After Israeli pressure, the company last month reversed course and scrapped plans to bar homes in settlements from listing on the site.
The decision led to fresh anger from groups opposed to the settlements, which most countries consider illegal under international law. 
A range of organizations including Jewish Voice for Peace and the Palestine Institute for Public Diplomacy [JB emphasis] have backed a call for an at least temporary deactivation, with organizers saying thousands had pledged to do so.
“Ultimately we would like Airbnb to reverse its decision but we know that won’t be easy,” Salem Barahmeh, executive director of PIPD, told AFP.
“But I think what we ultimately want to do is end this culture of impunity where international companies are allowed to be complicit in supporting war crimes and Israeli settlements that have been responsible for displacing Palestinians.”
Airbnb declined to comment, pointing instead to its statement from the April reversal.
That statement says that while the company will not ban settlement homes, it will give all profits from those listings to charities.
Campaigners say this does not stop the settlers from making profits.
Around 400,000 Israelis live in settlements that dot the West Bank and range in size from tiny hamlets to large towns.
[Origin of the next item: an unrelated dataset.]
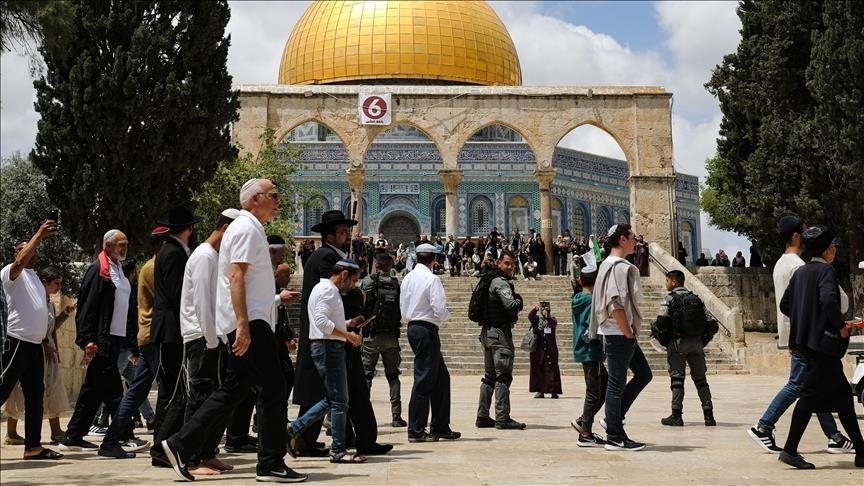 مستعمرون بقيادة المتطرف "غليك" يقتحمون الأقصى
Another 200,000 live in East Jerusalem.
The Palestinians see the West Bank as part of their future state. Israel considers Jerusalem its unified capital, but Palestinians claim East Jerusalem as their lawful capital.
The date of the Airbnb protest coincides with the Palestinian commemoration of what they call the Nakba, or catastrophe, when hundreds of thousands of Palestinians fled or were expelled from their land in the 1948 war surrounding the creation of Israel.